How can an economist say that one policy outcome is better than another? The question is inescapable for anyone who advises governments, designs taxes, or evaluates public projects. Yet the answer has shifted dramatically over the past two centuries, driven by a single recurring tension: should welfare judgments rely on comparisons of well-being across people, or should they avoid such comparisons as scientifically indefensible? The history of welfare economics is the story of how different frameworks have taken sides on this question, and of the lasting disagreements that remain.
The first systematic framework for welfare economics was Classical Utilitarianism, rooted in the work of Jeremy Bentham and John Stuart Mill. It treated welfare as the sum of individual utilities, where utility was understood as a measurable mental state—pleasure or pain—that could be compared across persons. A policy was good if it produced the greatest happiness for the greatest number. This gave economists a clear, if demanding, normative standard: measure each person's utility, add them up, and choose the policy with the highest total.

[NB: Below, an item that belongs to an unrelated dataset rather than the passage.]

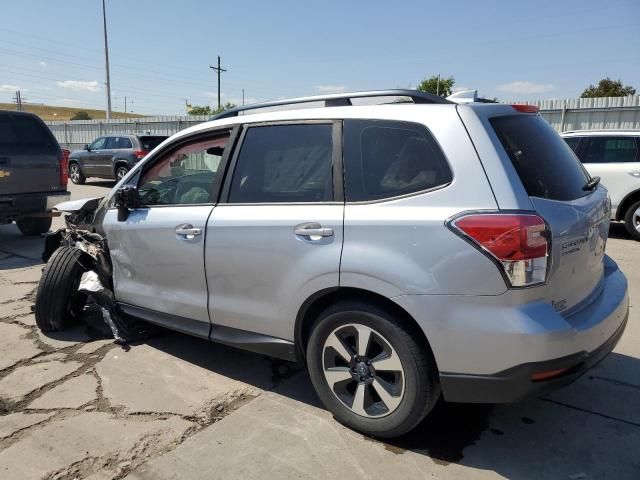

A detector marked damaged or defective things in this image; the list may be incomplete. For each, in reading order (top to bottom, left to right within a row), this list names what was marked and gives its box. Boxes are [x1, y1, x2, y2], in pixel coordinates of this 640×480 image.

Classical Utilitarianism was ambitious, but its foundations proved fragile. By the early twentieth century, economists grew uneasy with the idea that utility could be measured cardinally—like temperature on a thermometer—and then compared across individuals. How could one person's pleasure be weighed against another's? The framework's reliance on interpersonal comparisons of utility became its most vulnerable point, setting the stage for a crisis that would reshape the field.
Arthur Pigou extended the utilitarian logic into a practical program for government intervention. In his 1920 book The Economics of Welfare, he argued that market failures—especially externalities like pollution—create a gap between private and social costs. The remedy was corrective taxes or subsidies that would align private incentives with social welfare. Pigou's framework retained the utilitarian commitment to interpersonal comparison: the policymaker needed to know how much a polluter gained and how much the victims lost, and to weigh them against each other.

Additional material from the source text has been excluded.